We confirm this through direction symmetry analysis: the Cohen's d between maker YES and NO position returns is approximately 0.02, indicating virtually no directional bias in maker profitability. Makers profit structurally, regardless of which side they quote.
Takers Face Adverse Selection
Takers show negative excess returns at 80 of 99 price levels.

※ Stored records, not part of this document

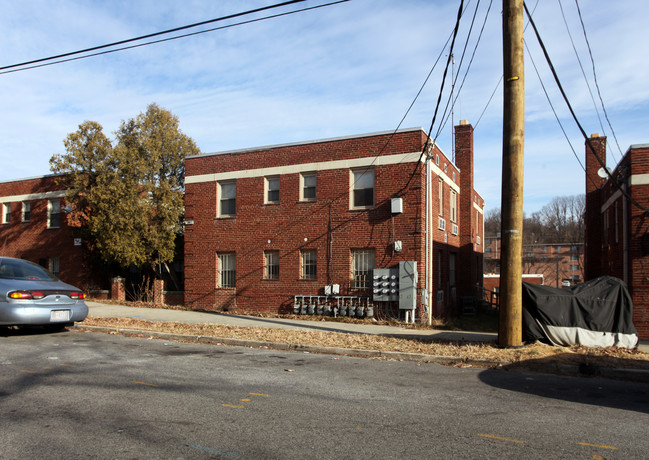 74 Webster St NE in Washington, DC - Foto de edificio - Building Photo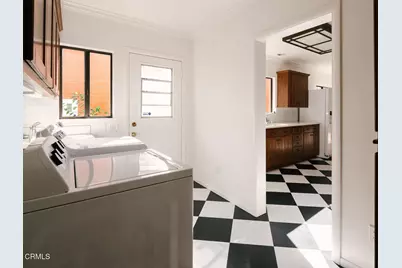 136 S Arden Boulevard, Los Angeles, CA 90004 - Photo 37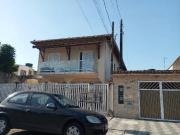Casa com 2 Quartos e 1 banheiro à Venda, 63 m² por R$...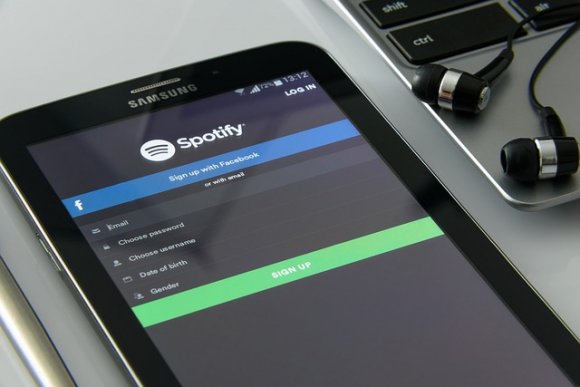Spotify tiene una enorme cantidad de datos sobre sus usuarios / Pixabay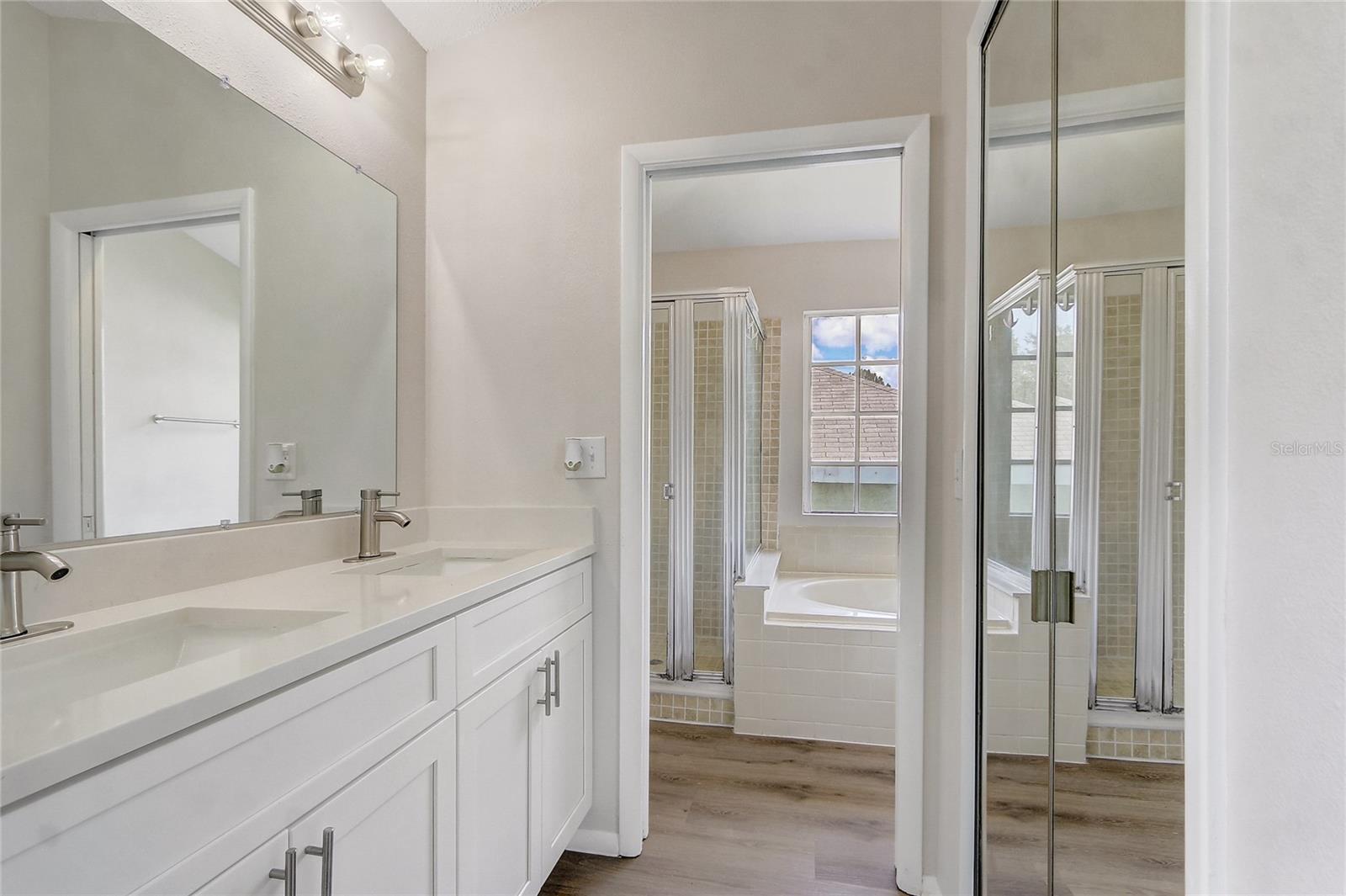 Image 27 of 36 For 10599 Satinwood Circle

The underperformance is most pronounced in low-price (longshot) buckets, where the favorite-longshot bias creates the widest gap between implied and realized probabilities.
This finding has direct implications for trading strategy design: any systematic approach that relies on aggressive (taker) order flow must account for this structural headwind.
Category-Level Decomposition
Market category significantly moderates the maker-taker dynamic:
| Category | Taker Excess Returns | Interpretation |
|---|---|---|
| Crypto | +1.30pp | Takers have informational edge |
| Finance | +2.34pp | Informed trading flow |
| Sports | -0.64pp | Makers advantaged |
| Esports | -5.56pp | Strongest maker advantage |
| Entertainment | -3.06pp | Significant maker edge |
| Media | -3.02pp | Significant maker edge |
In crypto and finance categories, takers show positive excess returns—suggesting informed trading flow that overwhelms the spread. In entertainment, esports, and media categories, the maker advantage is pronounced, indicating less informed taker flow and wider exploitable spreads.
Hourly Analysis
Peak trading hours (17-20 ET) show the highest volume with relatively favorable excess returns for makers. Off-peak hours (0-5 ET) show lower liquidity and wider spreads, creating different risk-reward profiles for market making strategies.
Implications for Strategy Design
These findings inform our approach to systematic prediction market trading:
- Market making should be category-adaptive. A 2-cent spread is optimal for sports; crypto requires 6 cents to compensate for informed flow.
- Favorite-longshot bias creates directional opportunity. The systematic mispricing of longshots, particularly in crypto markets, offers a distinct alpha source separate from market making.
- Position sizing must account for edge uncertainty. Standard Kelly criterion oversizes positions when applied to estimated (not known) edges. Half-Kelly or empirical Kelly adjustments produce better risk-adjusted outcomes.
Methodology
All analysis uses complete order book data from Kalshi's public trade feed. We compute excess returns as the difference between actual win rate and price-implied probability at each cent price level. Statistical significance is assessed via bootstrapped confidence intervals and Cohen's d effect sizes.
This research is for informational purposes only and does not constitute investment advice. Past performance is not indicative of future results.